Aligning the rails on 1 bridge, Jersey City 1974

The construction of the back two pairs of contained apron bridges prevent the use of the rail joiners between them and the Walthers 3-track floats to lock things in place. As can be clearly seen, the left hand tracks are aligned, the right, not so much. But a slight "finger ratcheting" of the bridges takes care of that. Not perfect or elegant, but it works.

    So far, I’ve only been talking about how the carfloats were built and will be operated, but not about the other half, the float bridges themselves. There are particular physical movements to both types being modeled, at least in the real world, and that does bear some mention, as there is a factor of operation to them that can be modeled. If you are following this blog, I’ll assume you are at least moderately familiar with how the electric, or contained apron and the wooden, or pontoon float bridges were constructed and/or how they operated, so I won’t go into exacting detail. I will explain however, that the two types of bridges are/were mechanically different in how they were raised and lowered. To simulate this (and again, add some “play value”), my original “grand plan” was to add a spring suspension to them to simulate the compressive actions (up and down due to the weight of the cars) upon them, and the carfloats as well, in order to replicate the list as cars were pulled on and off. Well, this is all fine and dandy, but there are great problems with that idea when you don’t exactly take your time and build things to exacting detail like I admit I did. ‘Tis far better to have operated smoothly than to never have operated at all, I have become fond of saying! And that's what would have happened if I had tried this, of that I am sure. So with that being said, these "weight differential" actions must be simulated within the "theatre of the mind", but it can be done!
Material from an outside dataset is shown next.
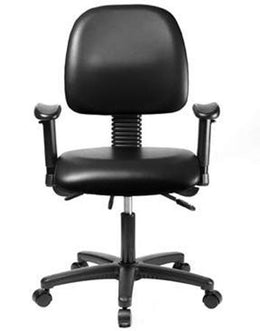 Fisher Scientific Task Chair Fisherbrand™ Black Adjustable Arms Vinyl - Each - 14360263-EA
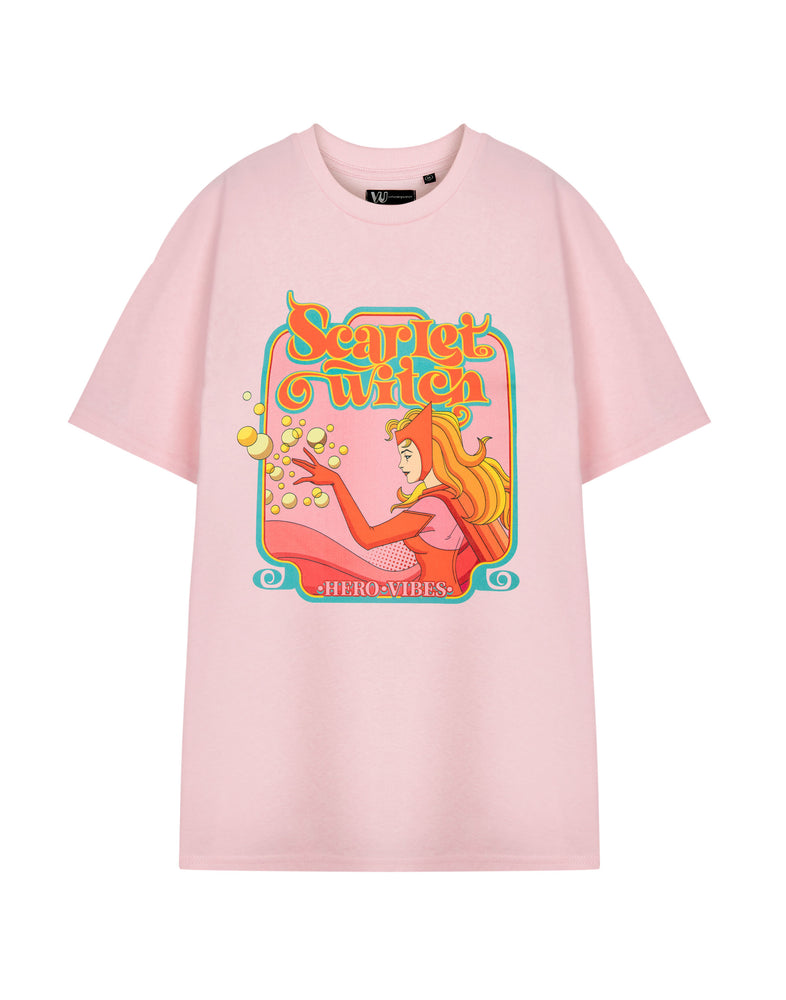 Marvel Hero Vibes Womens Pink Short Sleeved T-Shirt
Though part of this borders on operations (the subject of Part 3 in this ongoing series!), it does bear some mention here.    
      There are two ways I can simulate proper prototype loading and unloading practices, one being pretty easy for most people to grasp and not bellyache over too much, if at all, and that's using a reacher gondola, as seen below -

      As you can see, the gons has extra-large steps for getting on and off the car (presumably while moving, albeit slowly) and seating for the brakemen to ride the cars back and forth thru the yard, and the body of the car was weighted down with some sort of ballast to provide enough downward force to, in essence, "sink" the float bridge when it was riding high in the water (more an issue with the wooden pontoon floats than other types) to meet the level of the carfloat. Some railroads like the LIRR and Erie had little "doghouses" on a flat car, as opposed to a gondola. Regardless, the railroads used these cars to keep the engine, as much as possible, off the float bridge aprons, though it was not completely forbidden to do so, but rather just smart operating practice. The sudden braking of an engine could very easily snap the mooring lines and cause a float to pull away from the bridge, or worse yet, cause a mechanical failure, causing the steel work to skew and wrench, causing a catastrophic failure as seen below -

And they were even using a reacher car!

      So the point being, you can (as I do) have the crews use a gondola, and until I model one of them faithfully as seen the second of the two gondolas above, an Ertl gondola fits the bill just right, as the gons used in my era were small 34 footers, and not the larger 50 footers used in the later years.......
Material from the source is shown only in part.